**Your instructions**
Restate the data exactly as given and keep the pictures out.
[Data to process — start]
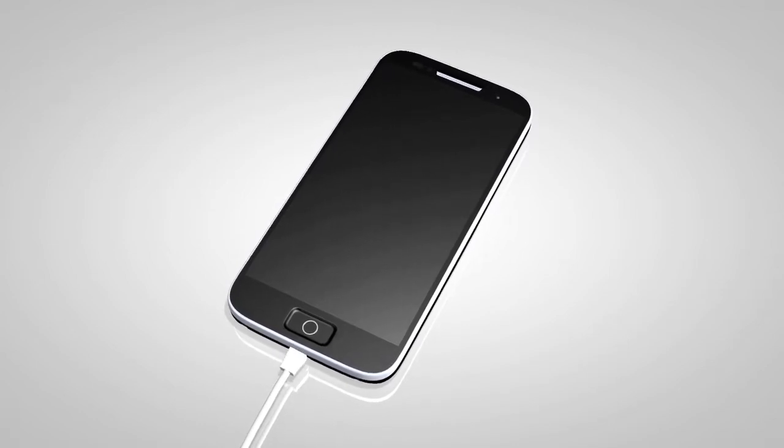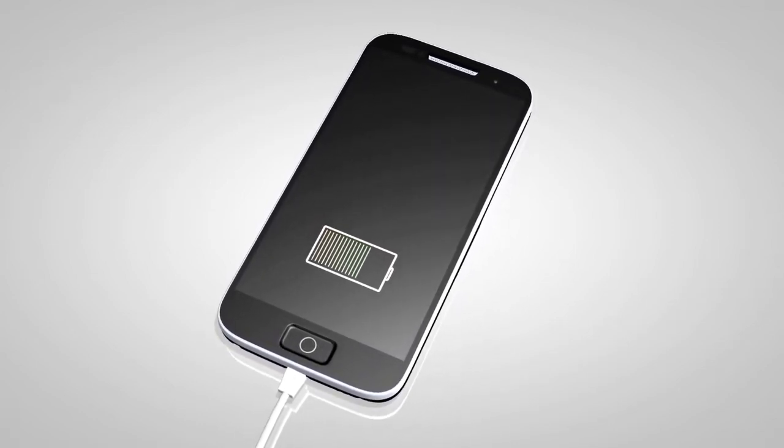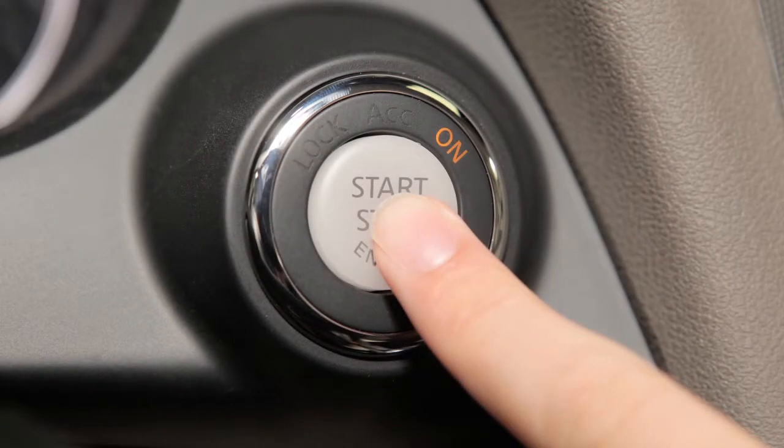If your device supports charging via a USB connection, its battery will be charged while connected when the vehicle's ignition switch is in the ACC or ON position.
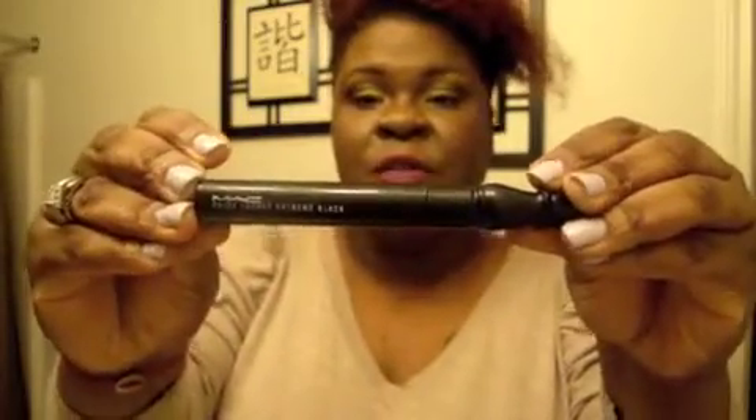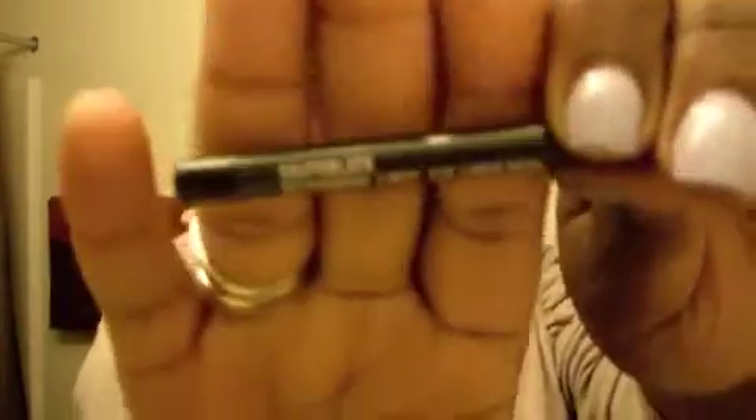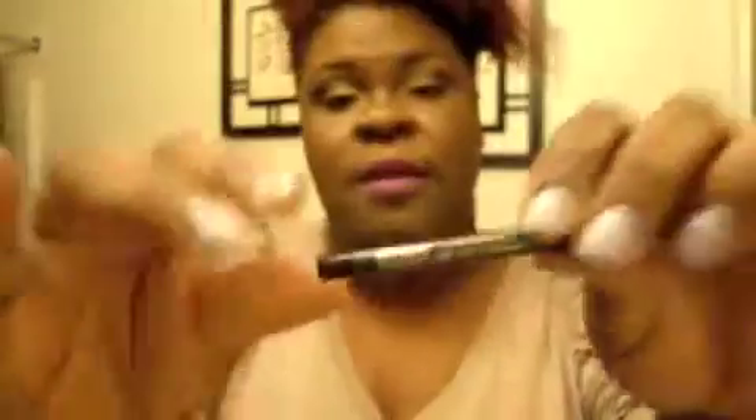I am wearing Max False Lash Extreme Black Mascara. I did do a little bit of graph black technical liner as well.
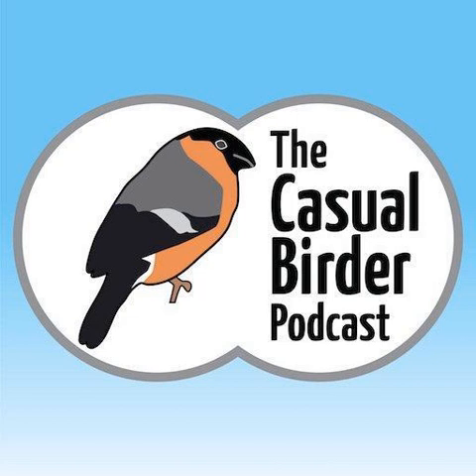Hi Jamie, thank you so much for joining me again on the Casual Birder podcast. I understand you've got news to share about swifts. Swifts are in big trouble in the UK, but we are having a bit of a drive this month, this February, to try and get as many new homes put up for them as possible.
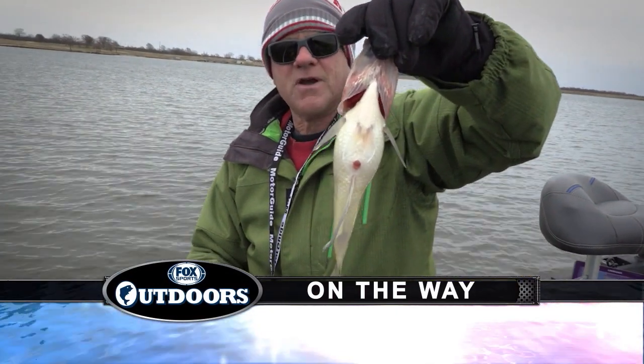Look how fat that fish is — they're out here eating shad. That's the key, and that's how you find them. It's the old principle.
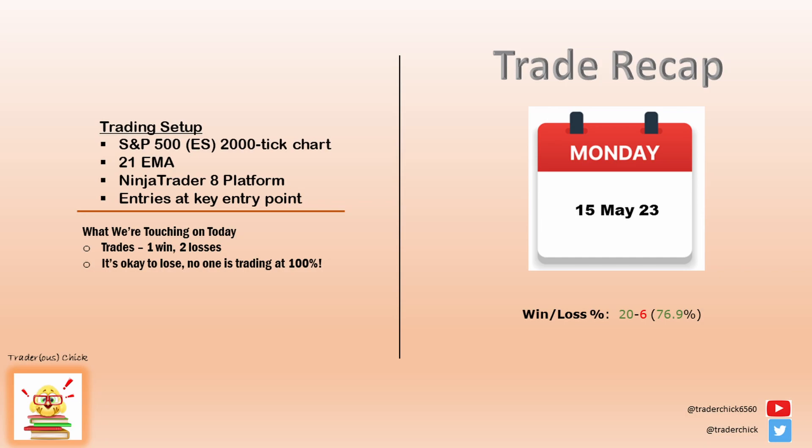Hello Peeps, this is Luttrell, your Trader is Chick, where we trade indicator-free other than the 21 EMA. Happy Monday Peep Nation, how'd your trading go today? For me, I had one win and two losses.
[Data to process — finish]
**Finished task**
If your device supports charging via a USB connection, its battery will be charged while connected when the vehicle's ignition switch is in the ACC or ON position.
I am wearing Max False Lash Extreme Black Mascara. I did do a little bit of graph black technical liner as well.
Hi Jamie, thank you so much for joining me again on the Casual Birder podcast. I understand you've got news to share about swifts. Swifts are in big trouble in the UK, but we are having a bit of a drive this month, this February, to try and get as many new homes put up for them as possible.
Look how fat that fish is — they're out here eating shad. That's the key, and that's how you find them. It's the old principle.
Hello Peeps, this is Luttrell, your Trader is Chick, where we trade indicator-free other than the 21 EMA. Happy Monday Peep Nation, how'd your trading go today? For me, I had one win and two losses.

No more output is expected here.